Une poule à Supermiam

Le soir lorsque je rentre de mon travail, je passe devant le magasin Supermiam.

Malgré le nombre de promos annoncées sur des prospectus au graphisme désuet, je n’y suis jamais allé. Mais dans trois jours, elle venait pour la première fois dîner. Enfin ! Elle avait accepté l’invitation ! Au bout de deux mois, je n’avais rien lâché ! Je me disais bien qu’elle allait, un jour, finir par craquer !

J’avais l’intention de lui concocter ma recette favorite : Des pommes de terre farcies à la chair d’escargot. J’en salivais déjà ! Il me manquait de l’ail. Un saut à Supermiam vite fait, ne devrait pas entraver mon emploi du temps, pensais-je.

Le magasin fermait bientôt. Les rayons se désertaient rapidement.

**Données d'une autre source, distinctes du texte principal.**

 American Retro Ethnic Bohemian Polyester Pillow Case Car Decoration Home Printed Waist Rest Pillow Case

Je fis le tour en vain. Aucun ail à l’horizon, ni dans les moindres recoins. Qu’allait-il advenir de ma super recette ? Tandis que je tentais mentalement de résoudre cet épineux problème, je jetais un œil dans la réserve au fond du supermarché. Ce que je vis me fit stopper net ! Mon cerveau arrêta de fonctionner. Oublié mon super repas ! Une énorme poule picorait à l’aide d’une serpillière le sol de la réserve. La poule se mit sur deux jambes, entonna le refrain de Maldon. Mais si vous connaissez ! Balayer, astiquer, lalala… Elle se frottait contre les rayonnages, en se dandinant. Les plumes passaient et repassaient sur les étagères faisant voltiger une foultitude de poussière. La bête attrapa un seau, se mit au dessus. Effaré, je vis l’œuf sortir de son plumage et venir s’éclater sur le sol. Un mélange visqueux à l’odeur de javel s’évada de la coquille. La poule fit entendre un cotcotcot retentissant.

Je regardais autour de moi. J’étais seul avec la gallinacée.

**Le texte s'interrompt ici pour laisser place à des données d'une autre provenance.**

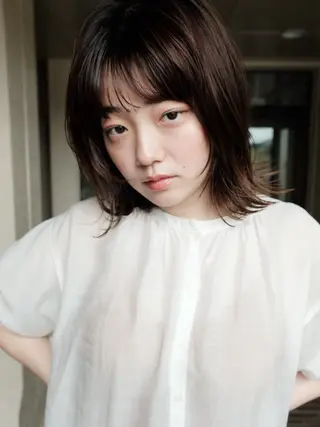 ミディアム カラー kaito /都立大学herのヘアスタイル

Je vous avoue que je fus pris d’une étrange panique et sortit rapidement.

Le lendemain, je ressassais mentalement cette aventure étrange. Histoire de ne pas être prit pour un fou, je m’abstins de le raconter à quiconque.

Mais ma curiosité était piquée. Le soir, je fis à nouveau une escale à Supermiam. La même scène se reproduisit. Puis le surlendemain.

Ce soir là, était le Grand Soir.

J’étais un peu en retard, j’avais enfin trouvé mon ail !
La sonnette de la porte d’entrée retentit. Un tantinet nerveux, j’ouvris la porte.
Elle était là, un sourire aux lèvres.
– Bonsoir, me dit-elle, j’espère ne pas être trop en retard ! Je n’avais pas fini mon travail. Tu sais ce que c’est, me lança-t-elle, on sait quand on commence à nettoyer mais pas quand on finit.
Je rejetais l’image de la poule de Supermiam.
– Veux-tu que je te débarrasse de ta veste ?
Elle me la tendit.
Alors que je l’accrochais à la patère, une plume rousse s’échappa de la manche.